Josh Stirling: Well, thank you Doug. We were a bunch of insurance nerds who came together and were looking at the mortality trends, learning about how to do the analysis. We started talking to doctors, who started educating us about some of the science, and their understanding is from the front lines of what was happening. We realized there was an opportunity for the life insurance industry in particular, but generally insurers, to take — including P&C, certainly supplemental, certainly disability, certainly employee benefits — basically to take a more targeted data-driven approach to try to make a difference.
What we’re doing basically is that our mission is to engage and empower global insurers to address excess mortality and save a million lives through screening, testing and triaging their at-risk members. What does that mean? In practice, we would like insurance companies to provide low-cost blood testing to be available for their members so they can get tested for what we believe are the four or five things that are most helpful to address, which are typically not things people are aware of but which a lot of times are addressable through changes in their own lifestyle, but in some cases, they require medical care or possibly require medical further investigation rather than care.
In any case, the idea would be is that you could actually prevent both a lot of short-term harms like strokes, heart attacks, pulmonary embolisms and blood clots. These things are all up right now. I think there was a congressperson just yesterday who was in the news for that kind of thing.
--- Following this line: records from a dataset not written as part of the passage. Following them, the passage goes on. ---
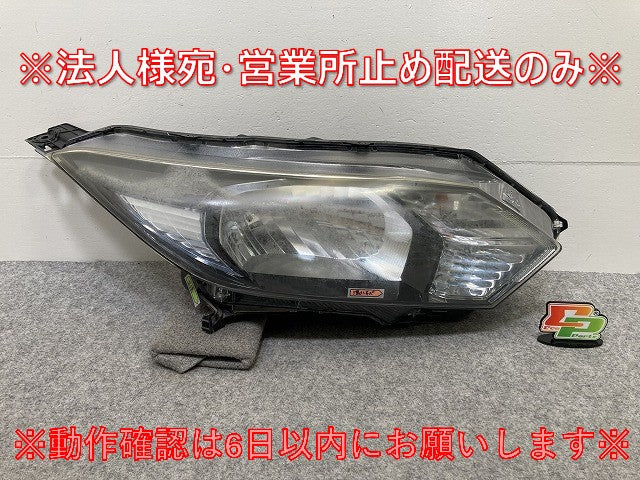 ヴェゼル/VEZEL RU1/RU2/RU3/RU4 純正 前期 右 ヘッドライト/ランプ レベライザーキセノン HID KOITO 100-18085 ホンダ(145242)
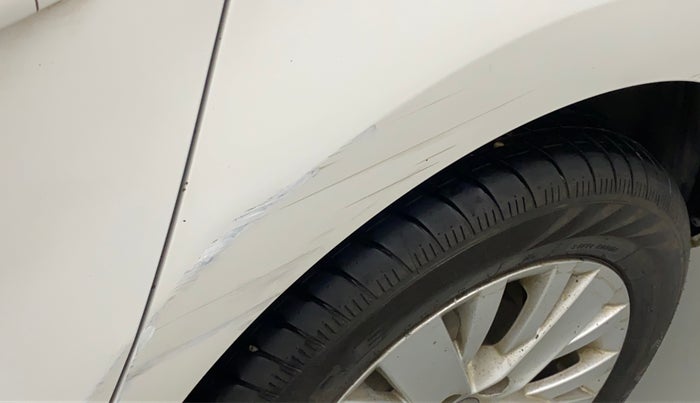 2015 Volkswagen Vento HIGHLINE PETROL AT, Petrol, Automatic, 61,682 km, Left quarter panel - Minor scratches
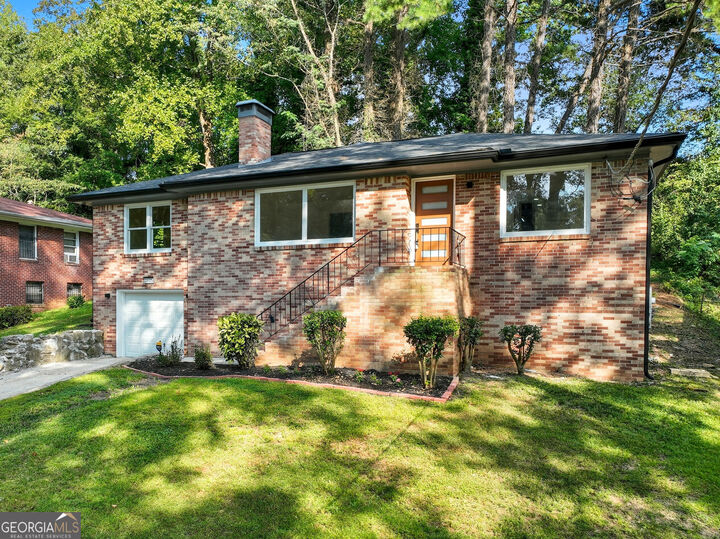 Property Photo:  2885 Dale Creek Drive NW  GA 30318 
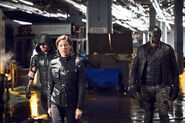 7.Arrow Monument Point Green Arrow, Spartan et Lyla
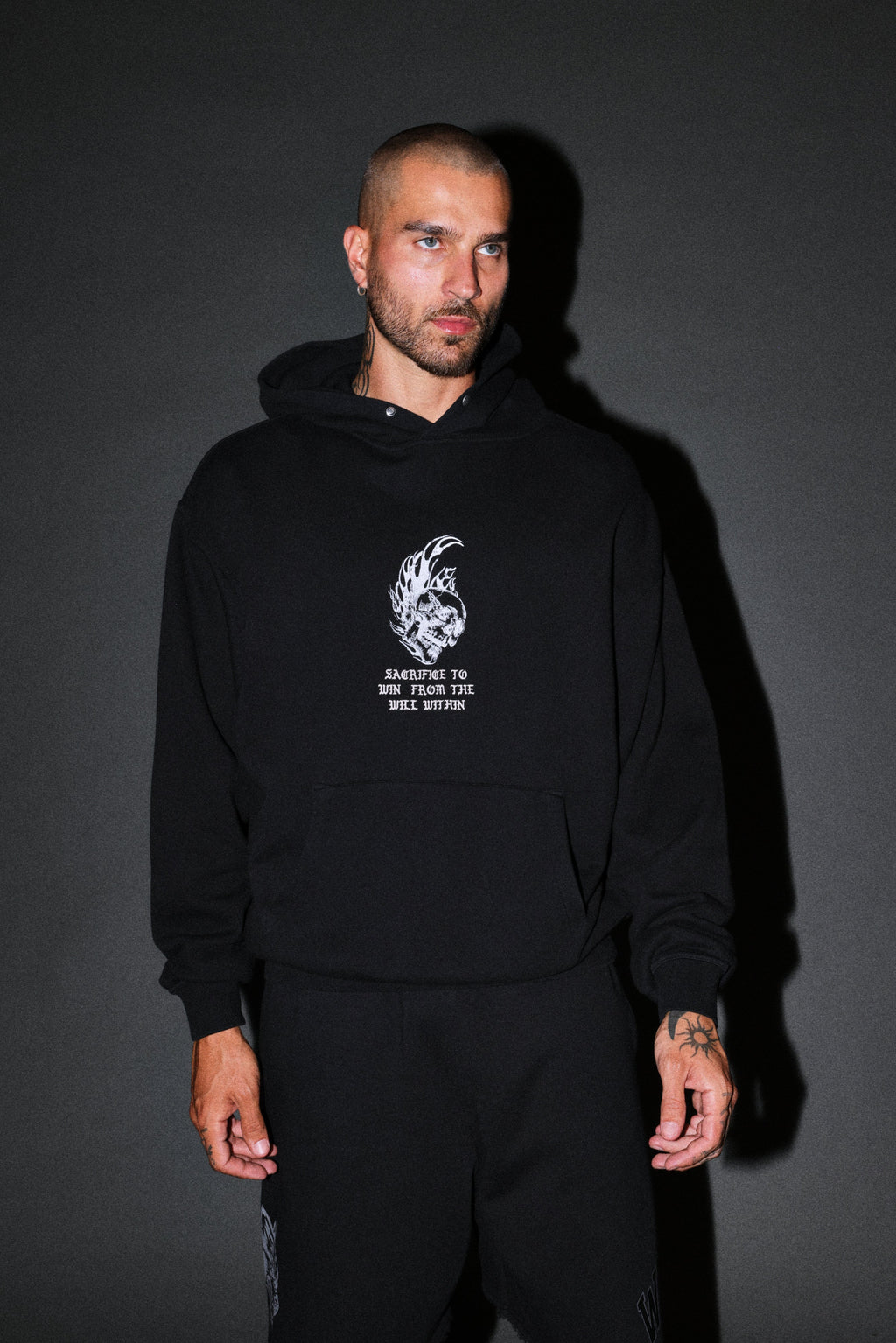 Flame Skull Pierce Hoodie in Black — imagem 2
All those are very short-term acute events, which are costly to the benefits community and terrible for employers when their employees go out, and obviously incredibly costly to life insurance companies when these people are insured lives, because these basically lead to death. But that same testing can also drive very huge impact over time through cumulative impact on longer fuses or less acute issues, like diabetes or prediabetes, like the more typical heart disease that we had to deal with before COVID, as opposed to the more acute stuff. It seems like it’s a thing now.
As well as, to be honest, the immune system and a possible risk for cancer, and these are things that make a real difference in people’s lives. Like Dr. Loniewski said, ultimately a lot of these things can be addressed through some supplements, which we’re not in the business of selling, but you can buy them at Walmart. It’s not super complicated. Usually, this is just something that people don’t know about, so if we can drive a little bit of education, a little bit of guidance, use the vast resources of the insurance industry, I think we can reduce some of these sudden deaths that are driving a lot of costs and are certainly driving lots of social loss. That’s the opportunity we see, and we’re talking to lots of insurance companies about this. We’ve got employer groups that are interested. We’ve got a couple of national branded companies with which we’re in what I would say are serious conversations; all your viewers would certainly have heard of them for sure, big television advertisers, those kinds of people as well as some global companies that are talking about deploying it in Europe or in Southeast Asia.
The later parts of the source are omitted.